*** Supplied information Section Begins ***

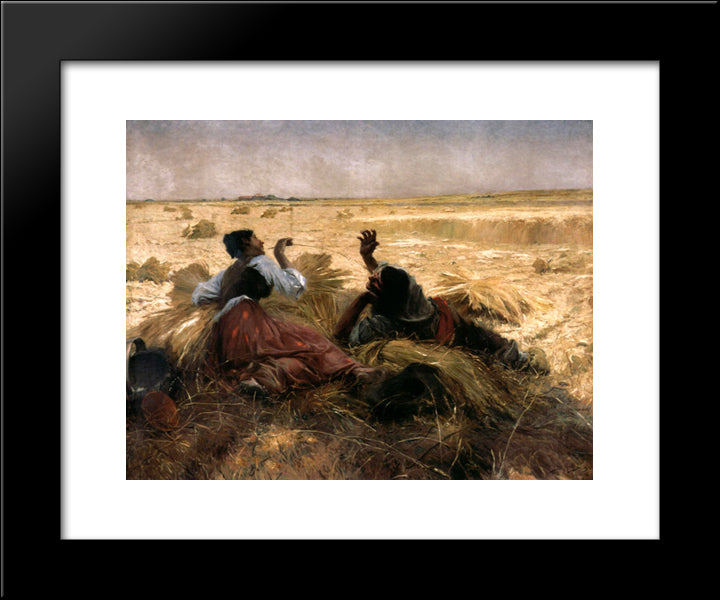 Tickling 20x24 Black Modern Wood Framed Art Print Poster by Malhoa, Jose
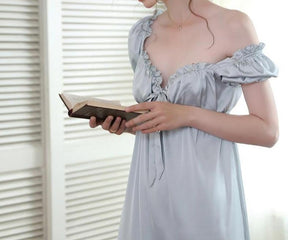 Cottagecore Satin Nightgown - Fairycore Aesthetic Romantic Boho Nightgown - Women Sleepwear V-Neck Short Sleeve Nightie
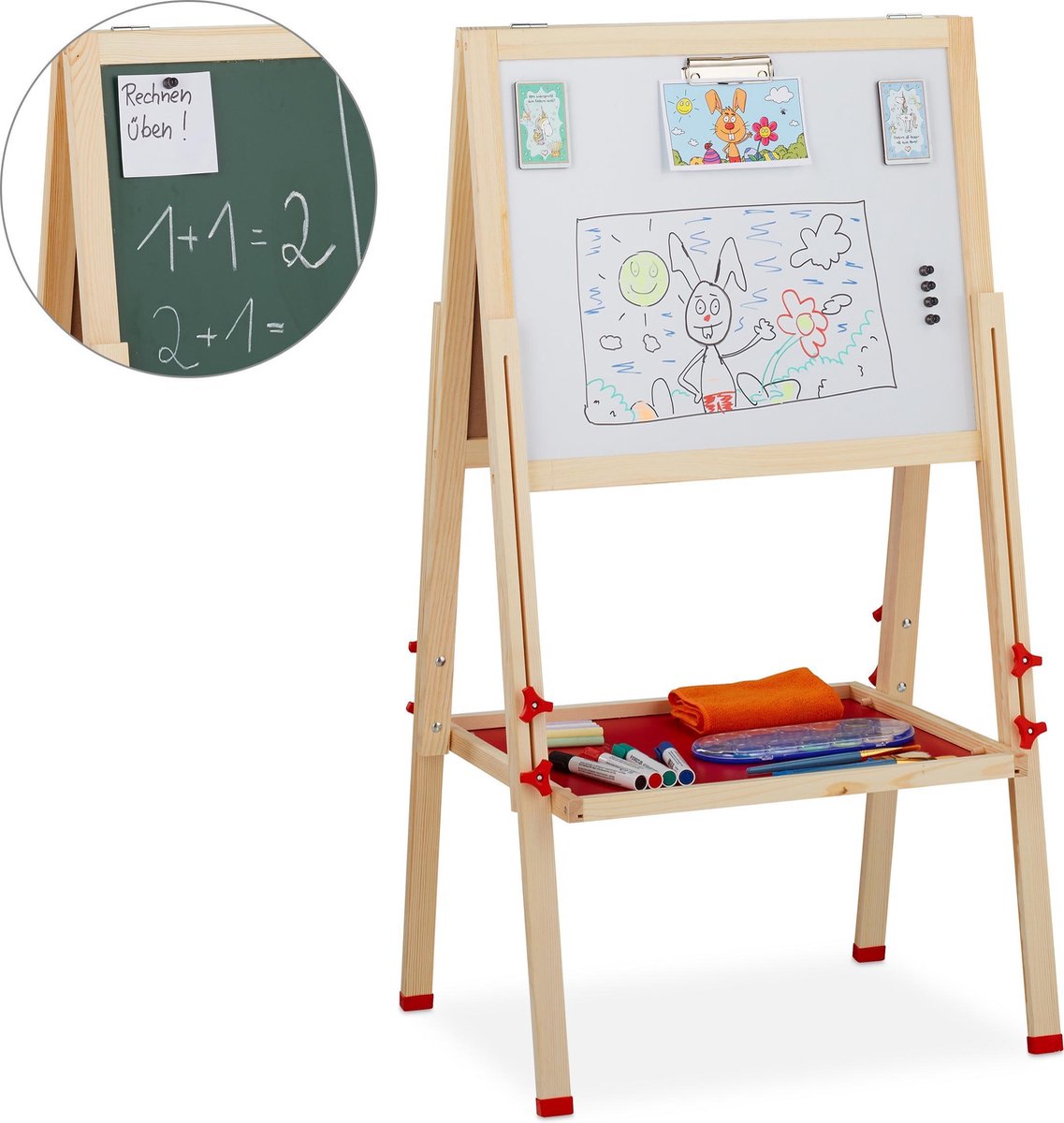 kamp adviseren Trottoir Relaxdays schoolbord kinderen - krijtbord & whiteboard - tekenbord -  magneetbord - op ezel | bol.com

*** Supplied information Section Ends ***

- **Exercise instructions**
Beginning at the line that contains "Cottagecore Satin Nightgown" and ending at the last line of the data, return each line exactly; no picture belongs in the copy.

- **Result for this exercise**
 Cottagecore Satin Nightgown - Fairycore Aesthetic Romantic Boho Nightgown - Women Sleepwear V-Neck Short Sleeve Nightie
 kamp adviseren Trottoir Relaxdays schoolbord kinderen - krijtbord & whiteboard - tekenbord -  magneetbord - op ezel | bol.com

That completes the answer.